O caso é raro na história do STJ. Desde a instalação da Corte em 1989, apenas dois outros ministros foram alvo de processos disciplinares. Em 2004, o ministro Vicente Leal pediu aposentadoria após ser afastado por suposta participação em esquema de venda de habeas corpus para traficantes. Em 2010, o CNJ aposentou compulsoriamente o ministro Paulo Medina, acusado de beneficiar empresas de caça-níqueis por meio de decisões judiciais.
A aposentadoria compulsória é criticada por permitir que o magistrado continue recebendo salário proporcional ao tempo de serviço, o que pode ser interpretado como uma recompensa em vez de punição.

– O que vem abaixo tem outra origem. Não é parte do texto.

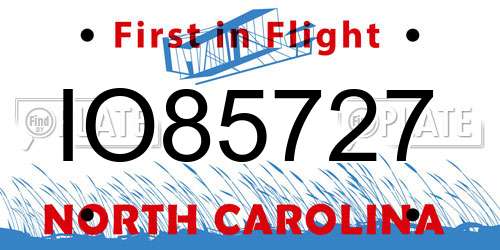 IO85727 North Carolina License Plate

Com a mudança de entendimento do STF, a demissão passa a ser a penalidade máxima, o que pode representar uma mudança significativa na responsabilização de juízes.
A defesa de Buzzi, em sua última manifestação, questionou a credibilidade das vítimas, alegou que o ministro é vítima de um conluio e apresentou um laudo de disfunção erétil como parte de sua estratégia. Os advogados argumentam que as acusações se baseiam em fofocas de gabinete e rumores, sem provas robustas.
“A questão repousa notadamente em definir qual será o valor probatório do disse-me-disse, da fofoca de gabinete, do burburinho dos corredores, do zum zum zum, que, sendo comum em todos os ambientes corporativos e institucionais – a voz da cidade que ora apedreja ora exalta a Geni de Chico Buarque –, se qualificam pela volatilidade e imprecisão e, ingressados na seara judiciária, colocam em xeque a própria possibilidade de contraditório e testa os limites do exercício da defesa forense”, afirmaram os advogados.
O julgamento de Buzzi ocorre em um momento em que o Judiciário brasileiro busca maior transparência e rigor na punição de magistrados. A decisão do STJ pode estabelecer um precedente importante para casos futuros.
O pleno do STJ é composto por 33 ministros, e a sessão está marcada para as 14h. A expectativa é de que o julgamento seja longo, diante da complexidade do caso e das teses jurídicas em discussão.
Enquanto isso, as vítimas acompanham o desfecho com esperança de que a Justiça seja feita. A jovem de 18 anos, que estava de férias com a família na casa de Buzzi, relatou ter sido vítima de importunação sexual. A ex-funcionária, por sua vez, descreveu um ambiente de trabalho hostil e constrangedor.
A decisão do STJ será acompanhada de perto por juristas, organizações de defesa dos direitos das mulheres e pela sociedade em geral. O caso também levanta discussões sobre a necessidade de mecanismos mais eficazes para coibir o assédio no Poder Judiciário.
Após o julgamento, o resultado será comunicado oficialmente e poderá ser objeto de recursos. A defesa de Buzzi já sinalizou que levará o caso ao Supremo Tribunal Federal (STF) caso a decisão seja desfavorável.
Em meio a esse cenário, o STJ reafirma seu compromisso com a ética e a transparência, ao mesmo tempo em que enfrenta o desafio de equilibrar a presunção de inocência e a necessidade de punir condutas reprováveis.